Publication Title

St. John's Law Review

Keywords

Advisers Act, Dodd-Frank, hedge funds, U.S. Securities and Exchange Commission

Document Type

Article

Abstract

Although the U.S. Investment Advisers Act of 1940 (the “Advisers Act”) was not at the center of the post-financial crisis regulatory reform that culminated in the Dodd-Frank Wall Street Reform and Consumer Protection Act (“Dodd-Frank” or “Dodd-Frank Act”), it was certainly part of the reform effort. In particular, Dodd-Frank amended the Advisers Act--the federal statute that regulates investment advisers and their activities--in a manner intended to address the ways in which privately-offered funds, particularly hedge funds, may have exacerbated the financial crisis. The primary regulatory concern, whether valid or not, was that, given the magnitude of assets invested in hedge funds and hedge funds' penchant for pursuing certain types of risky investment activities, such as taking positions in credit default swaps, those funds potentially helped create systemic risk. Arguably, Dodd-Frank was about nothing if not mitigating systemic risk.

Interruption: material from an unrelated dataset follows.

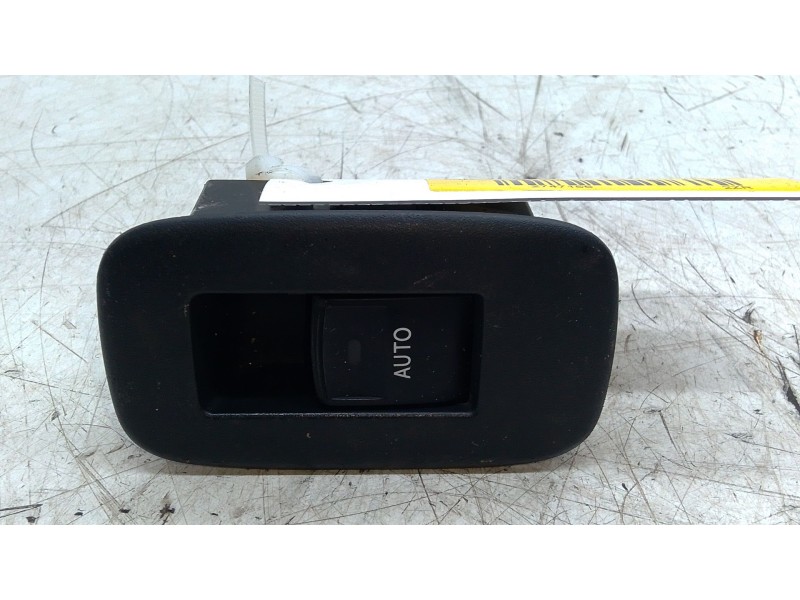 Recambio de mando elevalunas trasero derecho para toyota auris (_e15_) 1.8 hybrid (zwe150_) referencia OEM IAM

And so lawmakers set about to bolster “hedge fund regulation.” They did so, ultimately, by effectively stapling various hedge fund-related provisions to the Advisers Act, notwithstanding that that statute theretofore contained nary a mention of hedge funds. In broad strokes, as a result of Dodd-Frank's amendments and the Securities and Exchange Commission's (the “SEC”) rulemaking under Dodd-Frank, investment advisers who manage hedge funds are required to become registered with, and regulated by, either the SEC or the relevant state regulatory authorities. That result is, in large part, a product of Dodd-Frank's elimination of an exemption from SEC registration on which, prior to Dodd-Frank, many advisers to hedge funds had relied. In addition, most advisers managing enough assets to be required to register with the SEC are now required to submit to the SEC periodic reports containing a wide range of information about the funds they manage, including those funds' investment activities and portfolio holdings. The SEC, furthermore, is authorized to share that information with the newly-created Financial Services Oversight Council.

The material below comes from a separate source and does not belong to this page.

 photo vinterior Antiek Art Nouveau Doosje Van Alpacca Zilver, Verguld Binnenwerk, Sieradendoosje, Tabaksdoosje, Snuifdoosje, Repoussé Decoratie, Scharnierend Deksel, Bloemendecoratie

Now, in the aftermath of Dodd-Frank's enactment and the SEC's associated bout of rulemaking, one might think that the Advisers Act's regulatory regime is a workable and effective one, equipped to address--and address efficiently--the investor-protection risks that the twenty-first-century investment adviser industry produces. In fact, however, Dodd-Frank did not touch--and, indeed, Dodd-Frank's crafters indicated no awareness of--many of the Advisers Act's longstanding troubles. Additionally, the changes Dodd-Frank brought about have their own considerable deficiencies. As this Article contends, the U.S. investment adviser regulatory regime, now seventy-four years old, is in need of more than a few statutory amendments and new SEC rules. For the sake of the investor-protection goals of securities regulation, the promotion of market integrity, and regulatory efficiency, U.S. investment adviser regulation needs to be rethought and reformed. Focusing both on longstanding and new regulatory weaknesses, this Article highlights five grounds for that conclusion: regulation exemptions, hedge funds and other private funds, advisers to publicly-offered funds, specific rules versus broad standards, and examination and enforcement.